One of the big challenges in treating AIDS is that the virus is notorious for mutating, so patients must be treated with a cocktail of drugs — known as highly active antiretroviral therapy or HAART — which hit it at various stages of the replication process. The researchers were able to get around that problem with a new, multi-pronged genetic attack that blocks HIV on several fronts. Essentially, they hope to mimic HAART through genetic manipulation.
The technique hinges on the fact that the virus typically enters T cells by latching onto one of two surface proteins known as CCR5 and CXCR4.
Some of the latest drugs now used in treatment work by interfering with these receptors’ activity. A small number of people carry a mutation in CCR5 that makes them naturally resistant to HIV. One AIDS patient with leukemia, now famously known as the Berlin patient, was cured of HIV when he received a bone marrow transplant from a donor who had the resistant CCR5 gene.
Scientists at Sangamo BioSciences in Richmond, Calif., have developed a technique using a protein that recognizes and binds to the CCR5 receptor gene, genetically modifying it to mimic the naturally resistant version. The technique uses a zinc finger nuclease, a protein that can break up pieces of DNA, to effectively inactivate the receptor gene. The company is now testing its CCR5-resistant genes in phase-1 and -2 trials with AIDS patients at the University of Pennsylvania.

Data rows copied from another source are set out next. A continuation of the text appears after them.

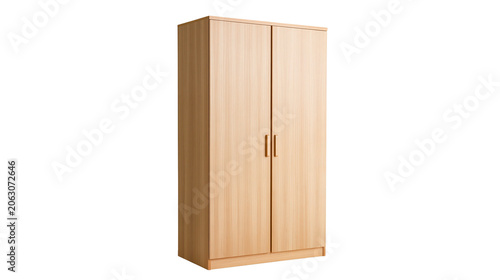 Fotografía Light wood double door wardrobe with vertical handles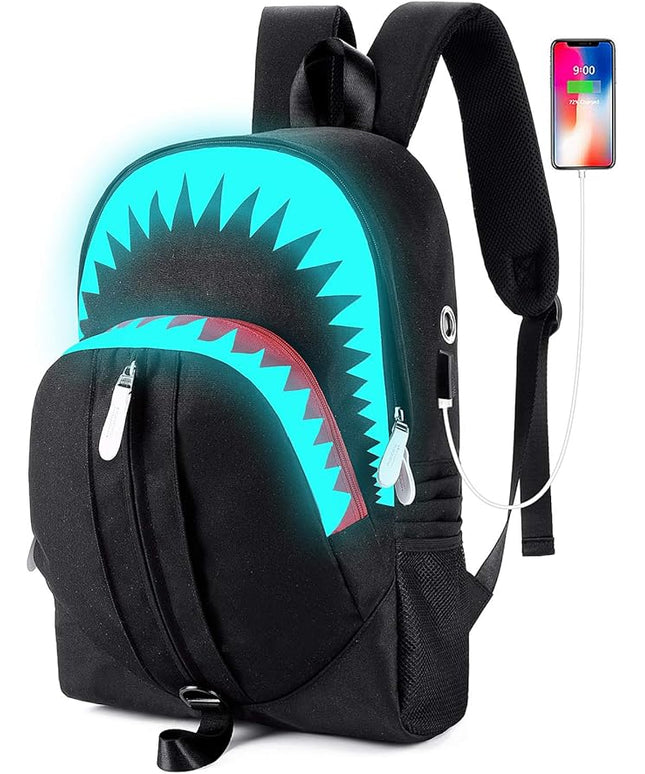 MCWTH Shark Backpacks for Teen Boys, Cool Kids Backpack for School Bookbags (Glow)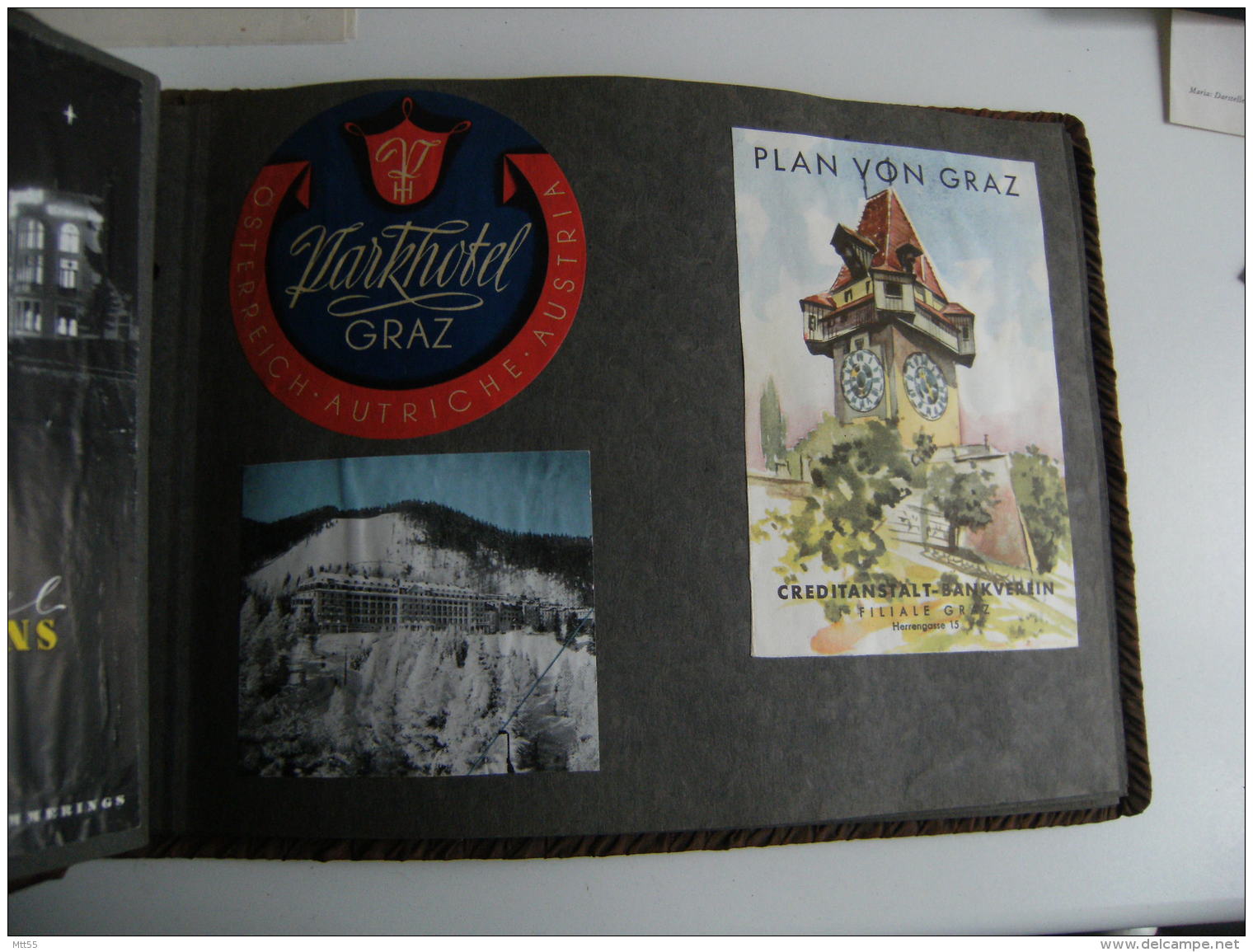 album photo photographie  photo 1955 souvenir vacances  autriche carte postale ticket entree tout en photo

The Stanford scientists used a similar approach but with an added twist. They used the same nuclease to zero in on an undamaged section of the CCR5 receptor’s DNA. They created a break in the sequence and, in a feat of genetic editing, pasted in three genes known to confer resistance to HIV, Porteus said. This technique of placing several useful genes at a particular site is known as “stacking.”

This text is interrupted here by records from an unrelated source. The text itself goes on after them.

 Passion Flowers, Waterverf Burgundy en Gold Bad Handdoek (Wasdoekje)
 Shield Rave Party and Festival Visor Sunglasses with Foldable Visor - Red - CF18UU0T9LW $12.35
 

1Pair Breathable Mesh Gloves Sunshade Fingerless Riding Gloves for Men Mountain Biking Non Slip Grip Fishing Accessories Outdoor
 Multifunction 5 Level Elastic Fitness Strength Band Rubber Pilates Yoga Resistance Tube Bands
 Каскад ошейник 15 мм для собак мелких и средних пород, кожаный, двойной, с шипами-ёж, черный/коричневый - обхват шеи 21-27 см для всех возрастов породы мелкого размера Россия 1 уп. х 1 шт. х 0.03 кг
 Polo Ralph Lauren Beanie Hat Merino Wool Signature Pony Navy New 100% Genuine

Incorporating the three resistant genes helped shield the cells from HIV entry via both the CCR5 and CXCR4 receptors. The disabling of the CCR5 gene by the nuclease, as well as the addition of the anti-HIV genes, created multiple layers of protection.
Blocking HIV infection through both the CCR5 and CXCR4 receptors is important, Porteus said, as it hasn’t been achieved before by genome editing. To test the T cells’ protective abilities, the scientists created versions in which they inserted one, two and all three of the genes and then exposed the T cells to HIV.
Though the T cells with the single- and double-gene modifications were somewhat protected against an onslaught of HIV, the triplets were by far the most resistant to infection. These triplet cells had more than 1,200-fold protection against HIV carrying the CCR5 receptor and more than 1,700-fold protection against those with the CXCR4 receptor, the researchers reported. The T cells that hadn’t been altered succumbed to infection with 25 days.